The model adapter boundary

Chapter 1 showed how to build adapters from the outside in — implementing them for specific providers. This chapter looks from the inside out: how the loop consumes the adapter traits, what guarantees it relies on, and what happens when those guarantees are violated.

The adapter boundary is the narrowest point in the architecture. Everything above it (loop logic, tool execution, compaction) is provider-agnostic. Everything below it (HTTP clients, SSE parsing, auth headers) is provider-specific. The three traits define the contract between these two worlds.

Three-level trait hierarchy

#![allow(unused)]
fn main() {
#[async_trait]
pub trait ModelAdapter: Send + Sync {
    type Session: ModelSession;
    async fn start_session(&self, config: SessionConfig) -> Result<Self::Session, LoopError>;

    // Optional. Lowercase provider identifier (e.g. `openrouter`,
    // `ollama`) stamped onto the `agent.turn` and `chat` spans as
    // `gen_ai.provider.name`. Defaults to `None`.
    fn provider_name(&self) -> Option<&str> { None }
}

#[async_trait]
pub trait ModelSession: Send {
    type Turn: ModelTurn;
    async fn begin_turn(
        &mut self,
        request: TurnRequest,
        cancellation: Option<TurnCancellation>,
    ) -> Result<Self::Turn, LoopError>;

    // Optional. Model identifier the session sends requests to, stamped
    // onto the loop's `chat` span as `gen_ai.request.model`. Defaults
    // to `None`.
    fn model_name(&self) -> Option<&str> { None }
}

#[async_trait]
pub trait ModelTurn: Send {
    async fn next_event(
        &mut self,
        cancellation: Option<TurnCancellation>,
    ) -> Result<Option<ModelTurnEvent>, LoopError>;
}
}

The Send + Sync bound on ModelAdapter means adapters can be shared across threads — an Agent can be cloned or wrapped in an Arc and used from multiple tasks. ModelSession is only Send, not Sync — sessions are single-owner and move between tasks but are not accessed concurrently. ModelTurn is likewise Send only.

Why three levels?

The decomposition maps to three distinct lifetimes in a provider interaction:

Lifetime	Trait	State it holds
Application	`ModelAdapter`	API key, base URL, HTTP client, model name (immutable, shared)
Session	`ModelSession`	Conversation ID, WebSocket connection, session token (mutable)
Turn	`ModelTurn`	SSE stream, response buffer, chunk parser (mutable, consumed once)

This supports both stateless and stateful providers:

Stateless HTTP providers (OpenAI, OpenRouter, Groq): start_session creates a lightweight handle holding a copy of the config. begin_turn sends the full transcript as an HTTP POST. next_event reads SSE chunks from the response.
Stateful session providers (WebSocket-based, real-time APIs): start_session opens a persistent connection. begin_turn sends a delta or continuation message (not the full transcript). next_event reads frames from the live connection.
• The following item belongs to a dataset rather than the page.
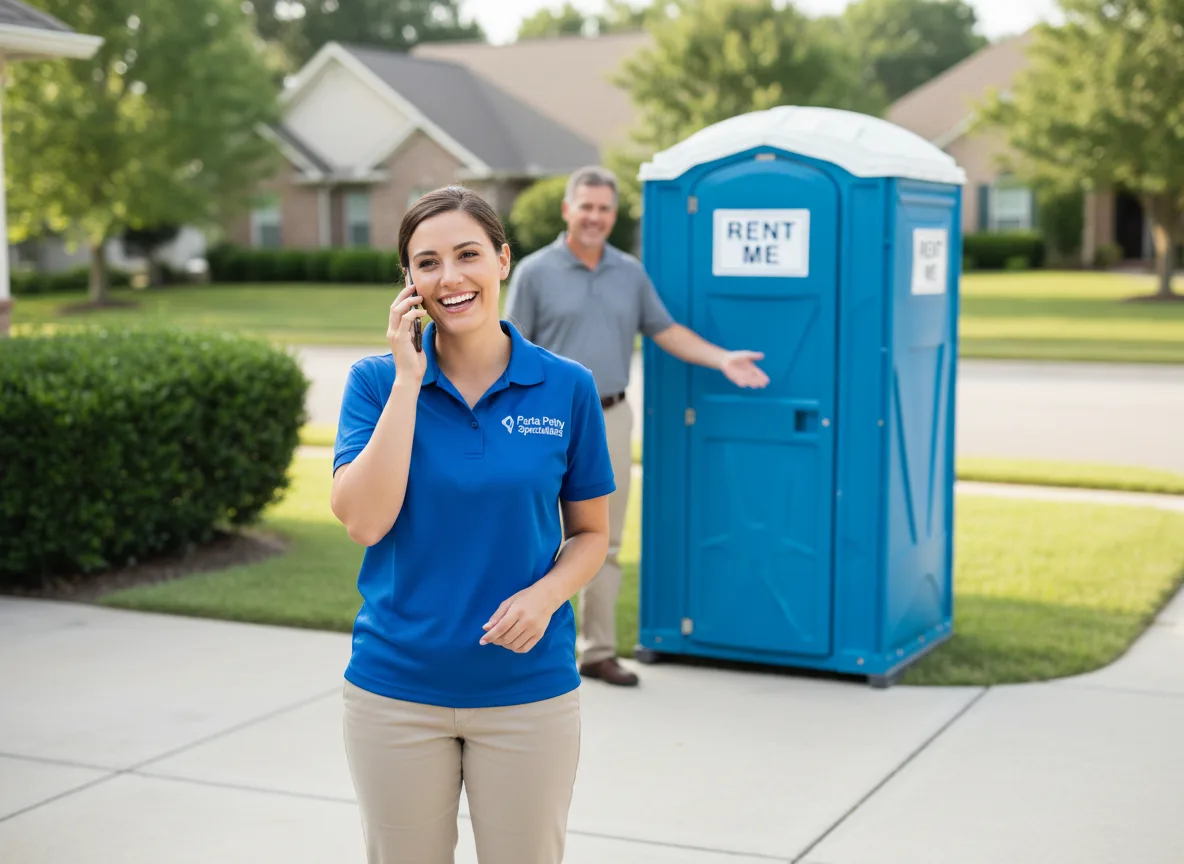 Portable Toilet Rental Riner, VA FAQs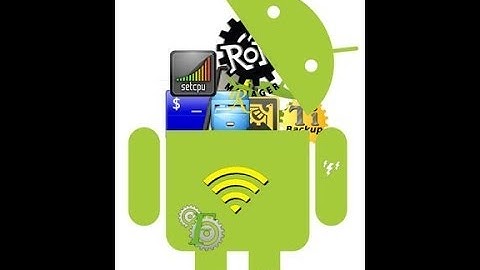 Top Android Root Apps 2014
Session cleanup happens on drop.

The loop doesn’t care which pattern the adapter uses. It calls the same trait methods either way.

Stateless adapter (HTTP):

  Adapter ──start_session──▶ Session (just holds config)
                                │
                                ├──begin_turn──▶ POST /v1/chat/completions
                                │                      │
                                │                Turn ◀┘ (SSE stream handle)
                                │                  │
                                │                  ├── next_event() → Delta
                                │                  ├── next_event() → Delta
                                │                  ├── next_event() → Finished
                                │                  └── next_event() → None
                                │
                                ├──begin_turn──▶ POST /v1/chat/completions
                                │
                                ...


Stateful adapter (WebSocket):

  Adapter ──start_session──▶ Session (owns WebSocket connection)
                                │
                                ├──begin_turn──▶ send continuation frame
                                │                      │
                                │                Turn ◀┘ (reads from same socket)
                                │                  │
                                │                  ├── next_event() → Delta
                                │                  └── next_event() → Finished
                                │
                                ├──begin_turn──▶ send next frame
                                ...

ModelTurnEvent

The model turn emits a stream of normalized events:

#![allow(unused)]
fn main() {
pub enum ModelTurnEvent {
    Delta(Delta),
    ToolCall(ToolCallPart),
    Usage(Usage),
    Finished(ModelTurnResult),
}
}

The adapter is responsible for converting provider-native wire formats into these normalized events. This is where the translation happens — the loop never sees provider-specific response shapes.

The events have a natural ordering within a turn:

Turn event timeline:

  ──────────────────────────────────────────────────────────▶ time

  Delta(BeginPart)
  Delta(AppendText)  ─┐
  Delta(AppendText)   │  streaming text
  Delta(AppendText)  ─┘
  Delta(CommitPart)

  ToolCall(ToolCallPart)    ← fully assembled tool call
  ToolCall(ToolCallPart)    ← another tool call (if parallel)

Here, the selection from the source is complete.